THE rate of home loan ”churning” by mortgage brokers has slipped below that of the banks, suggesting that recent efforts by the big banks to rein in the brokers are working.

Mortgage brokers were criticised in recent years for pushing clients into costly refinancing of loans even when there was no net benefit. In response, many banks restructured commission payments to brokers to reduce the incentive to churn.

Brokers are estimated to account for about a quarter of the total mortgage market.

The latest data compiled by finance consultants MISC Global shows that at the end of September the rate of mortgages being refinanced with another lender accounted for 24.4 per cent of broker-originated loans. The rate of refinancing with banks was running at 35.9 per cent.

Refinancing as a percentage of total lending at the end of September was 28.5 per cent, according to Australian Bureau of Statistics data. The churn rate is also a good barometer of the health of the mortgage market as it points to the proportion of new borrowers to total loans.

ABS home lending figures for November surprised on the upside yesterday, rising by 0.9 per cent, despite interest rates having moved higher.

Separate MISC Global data shows that the average size of loans written through mortgage brokers of more $270,600 was slightly greater than loans written directly by banks, suggesting that investors were starting to return to the housing market.

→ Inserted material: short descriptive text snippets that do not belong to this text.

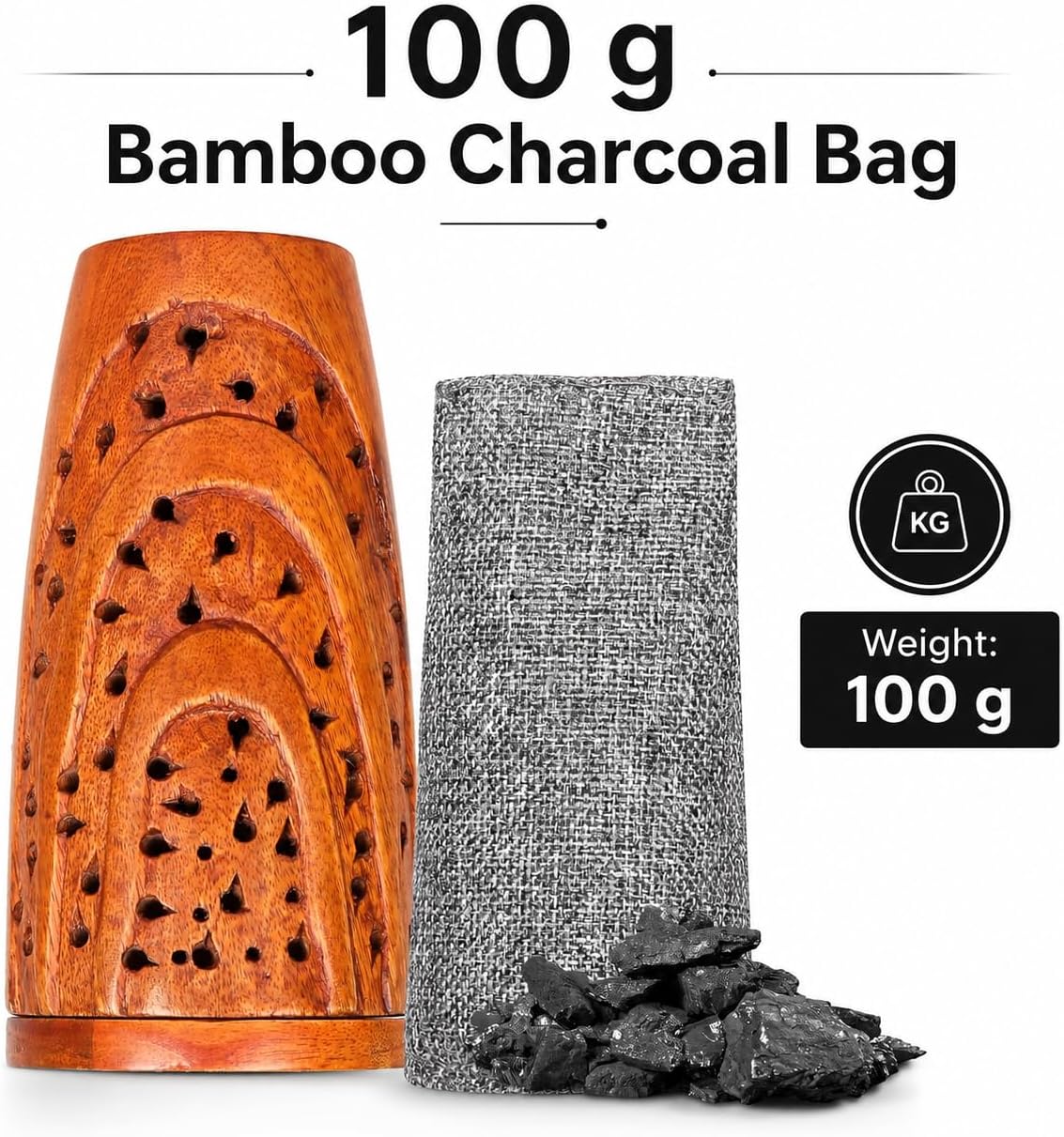 Activated Charcoal Bag | Odor Absorber | Bamboo Charcoal Air Purifying Bag | Natural Deodorizer for Home Kitchen Bathroom | Closet Freshener | Removes Smell & Moisture (Medium)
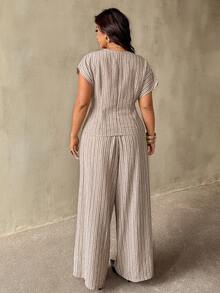 Auralis Nuevo conjunto elegante de ropa de trabajo para ir y venir en verano, con parte superior sin mangas de escote cruzado en V y hombros caídos, talla grande pantalón /Elegante conj - Caqui 2 - Ver 6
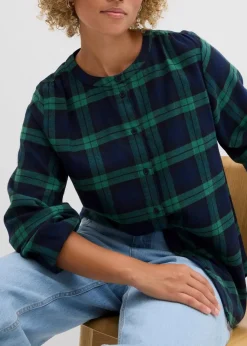 Damen bonprix Bekleidung·Jacken & Mäntel|Blusen & Tuniken|Flanellhemd aus reiner Baumwolle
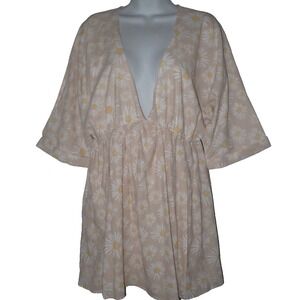 Girl and the Sun Verity Daisy Print Dress Women M‎ NEW Mini Summer Retro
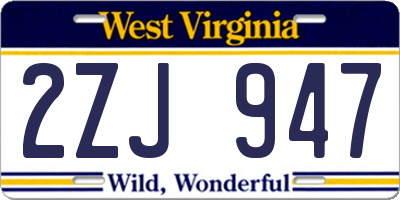 WV license plate 2ZJ947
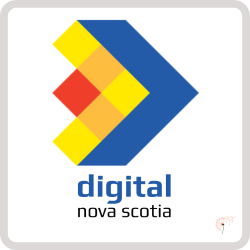 blue, yellow red, graphic logo for Digital Nova Scotia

The MISC figures also suggest that banks are starting to relax standards, with many of the big players again requiring as little as 5 per cent deposit on a house.

From late 2008, banks started lifting the minimum deposit level they demanded from customers to back a loan to more than 10 per cent. Mortgages backed by a higher deposit are generally regarded as less risky.

But, according to the MISC figures, during the September quarter Westpac pulled back the minimum deposit required of new customers to 8 per cent from 13 per cent. Others, such as ANZ and Bankwest, dropped the minimum deposit for existing customers to 5 per cent.

Credit union CUA has one of the lowest minimum-deposit requirements, with new customers needing the equivalent of only 3 per cent of the house purchase price to get a loan.

MISC said signs were emerging that smaller lenders were lowering their loan-to-valuation ratio in an effort to match the big banks.